En cessant de combattre, il ne cessa pas d'agir. On le vit aspirer à l'admiration des mêmes peuples dont il avait été la terreur. Il appela tous les arts à lui, et les associa à sa gloire. Il réforma les abus de la justice, et dicta luimême des lois pleines de sagesse. Un ordre simple, invariable, s'étendit dans toutes les parties de l'administration. Persuadé que l'autorité du Souverain est un bien. commun à tous les sujets, une protection dont ils doivent tous également jouir, il voulut que chacun d'eux eût la liberté de l'approcher et de lui écrire. Tous les instans.

de sa vie étaient consacrés au bien de ses peuples; ses délassemens même leur étaient utiles.
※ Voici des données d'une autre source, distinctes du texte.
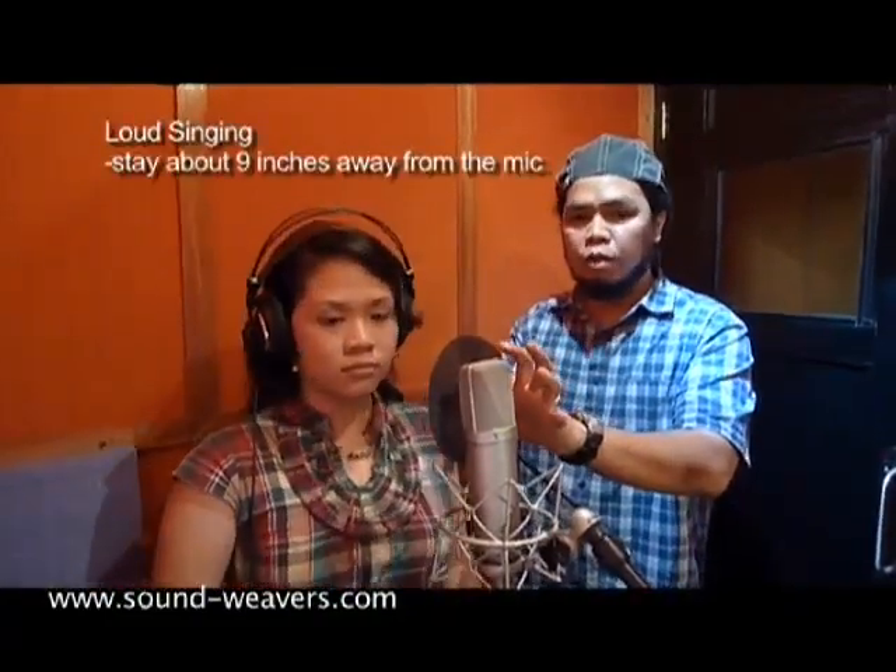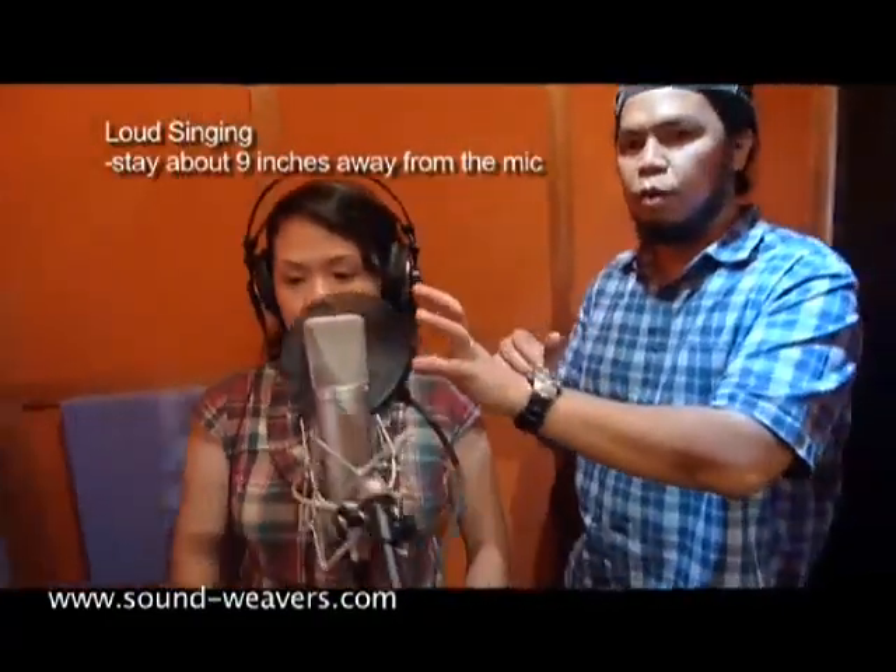Then when you're going to sing the louder parts, you can be six inches away or you can actually stay a bit further, like maybe nine inches away or a foot.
Nous n'ignorons pas qu'il est difficile d'apprécier ses contemporains. Les Princes sont surtout ceux qu'on peut le moins se flatter de bien connaître. La renommée en parle rarement sans passion. C'est le plus souvent d'après les bassesses de la flatterie, d'après les injustices de l'envie, qu'ils sont jugés. Le cri confus de tous les intérêts, de tous les sentimens qui s'agitent et changent autour d'eux, trouble ou suspend le jugement des sages mêmes.
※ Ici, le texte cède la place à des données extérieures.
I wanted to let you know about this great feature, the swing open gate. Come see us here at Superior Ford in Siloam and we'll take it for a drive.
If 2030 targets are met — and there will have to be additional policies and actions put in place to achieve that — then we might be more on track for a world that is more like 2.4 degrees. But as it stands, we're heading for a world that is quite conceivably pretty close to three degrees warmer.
Cependant, s'il était permis de prononcer d'après une multitude de faits liés les uns aux autres, on dirait de Frédéric qu'il sut dissiper les complots de l'Europe conjurée contre lui, qu'il joignit à la grandeur et à la hardiesse des entreprises un secret impénétrable dans les moyens; qu'il changea la manière de faire la guerre, qu'on croyait, avant lui, portée à sa perfection; qu'il montra un courage d'esprit dont l'histoire fournissait de modèles; qu'il tira de ses fautes même plus d'avantages que les autres n'en savent tirer de leurs succès; qu'il fit taire d'étonnement ou parler d'admiration toute la terre, et qu'il donna autant d'éclat à sa nation que d'autres Souverains en reçoivent de leurs peuples.

RAYNAL.

peu

Même sujet.

Au milieu de cette foule d'ennemis triomphans, considérez le lion du Nord qui s'éveille: ses regards ardens semblent dévorer la proie que lui marque la fortune : génie impatient de s'offrir à la renommée, vaste, pénétrant, exalté par le malheur et par ces pressentimens secrets qui dévouent impérieusement à la gloire certains êtres privilégiés qu'elle a choisis, je le vois se précipiter sur ce théâtre sanglant, avec une puissance mûrie par de longues

combinaisons et des talens agrandis par la réflexion et la prévoyance. Soldat et général, conquérant et politique, ministre et Roi, ne connaissant d'autre faste qu'une milice nombreuse, seule magnificence d'un trône fondé par les armes. Je le vois, aussi rapide que mesuré dans ses mouvemens, unir la force de la discipline à la force de l'exemple, communiquer à tout ce qui l'approche cette vigueur, cette flamme inconnue au reste des hommes; être partout, réparer tout, diriger lui-même avec art tous les coups qu'il porte; attaquer ce trône chancelant sur lequel son ennemi paraît s'appuyer, en détacher brusquement les rameaux les plus féconds, et s'élevant bientôt au-dessus de l'art même par la fermeté de ce coup d'œil que rien ne trouble, montrer déjà le secret de ses ressources qui doivent étonner la victoire même et tromper la fortune, lorsqu'elle lui sera contraire.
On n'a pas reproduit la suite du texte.